• Task to carry out: What is wanted is every line below from the one with "Lokation: Thailand |" up to and including the one with "양돈 악취 오명 벗고 ‘깨끗한 축산농장’ 전국 최고상", retyped exactly, pictures excluded, nothing else.
-------- Records for this exercise --------
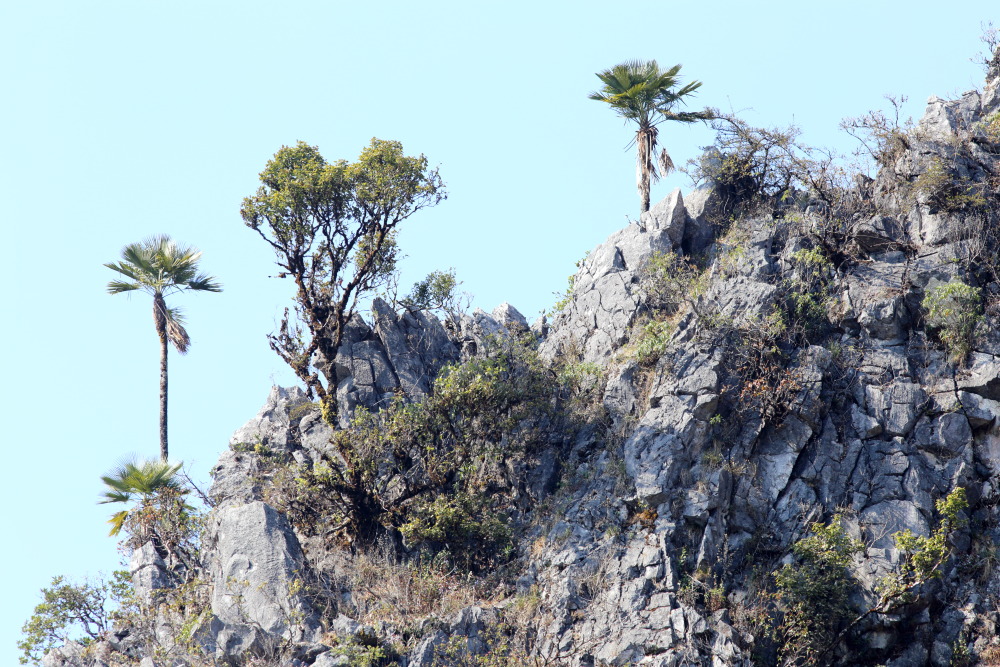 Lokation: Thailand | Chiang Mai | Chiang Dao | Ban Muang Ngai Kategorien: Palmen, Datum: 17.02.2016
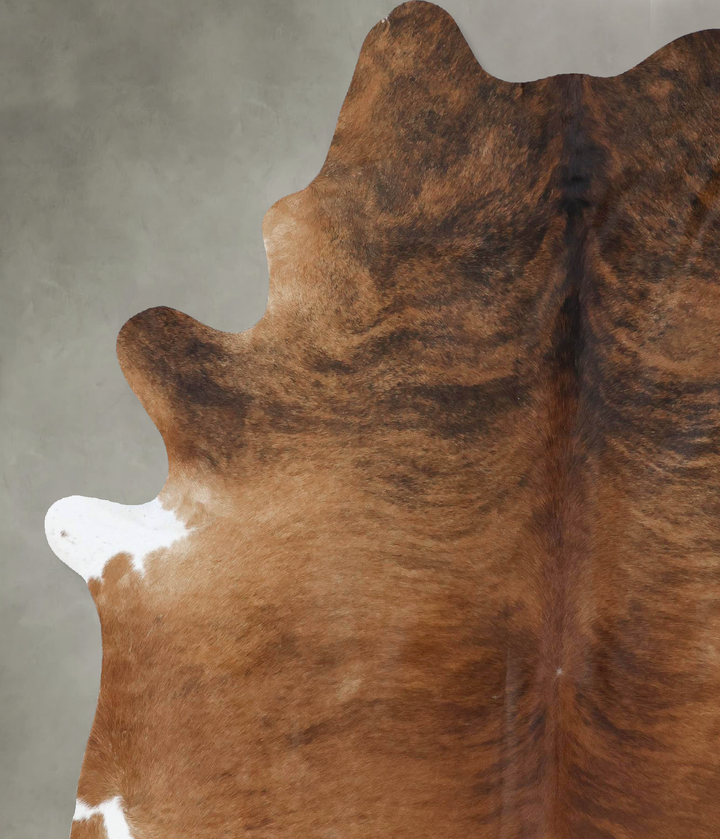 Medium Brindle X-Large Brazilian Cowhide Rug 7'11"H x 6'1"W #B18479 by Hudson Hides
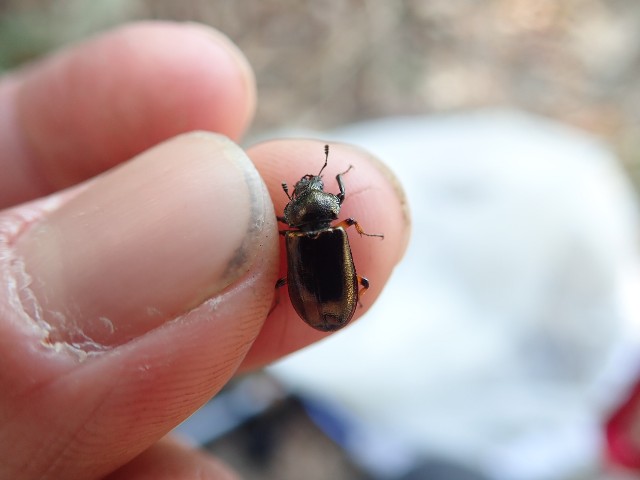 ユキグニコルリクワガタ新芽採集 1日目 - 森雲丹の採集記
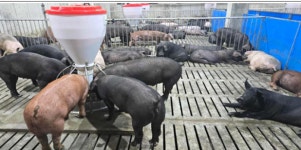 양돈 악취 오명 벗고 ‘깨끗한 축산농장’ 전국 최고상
--------
-------- Records for this exercise --------
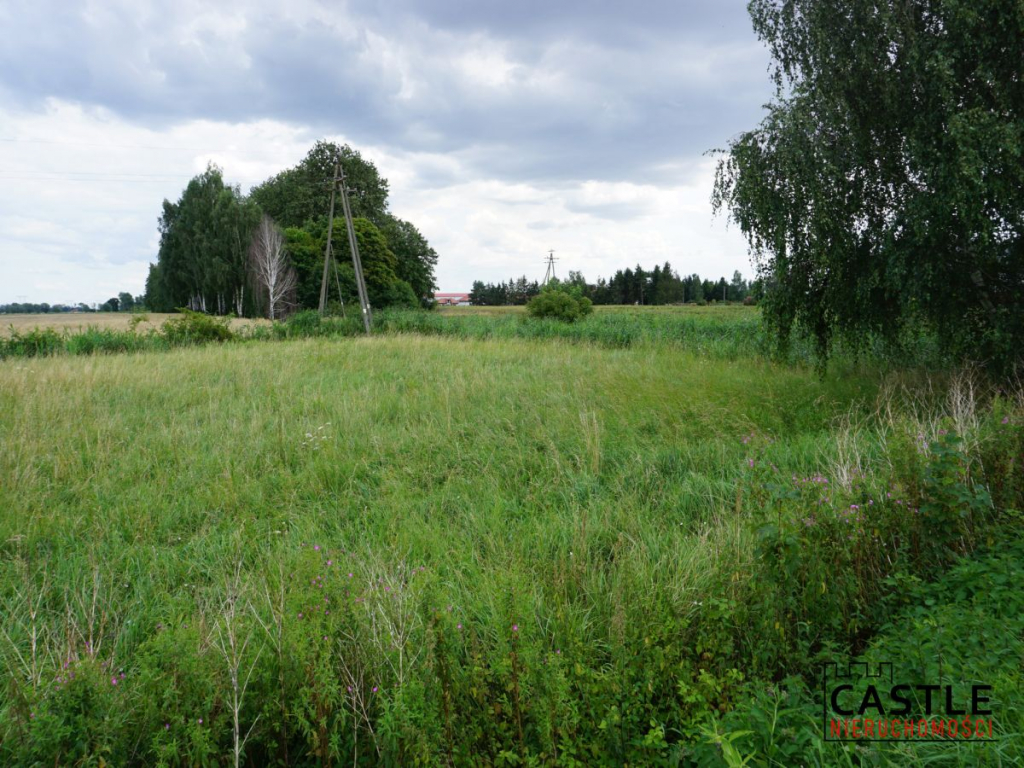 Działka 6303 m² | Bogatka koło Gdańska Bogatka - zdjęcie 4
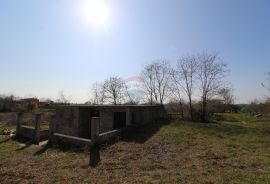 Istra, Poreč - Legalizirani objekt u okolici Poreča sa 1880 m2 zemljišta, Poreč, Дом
--------
• Result:
 Lokation: Thailand | Chiang Mai | Chiang Dao | Ban Muang Ngai Kategorien: Palmen, Datum: 17.02.2016
 Medium Brindle X-Large Brazilian Cowhide Rug 7'11"H x 6'1"W #B18479 by Hudson Hides
 ユキグニコルリクワガタ新芽採集 1日目 - 森雲丹の採集記
 양돈 악취 오명 벗고 ‘깨끗한 축산농장’ 전국 최고상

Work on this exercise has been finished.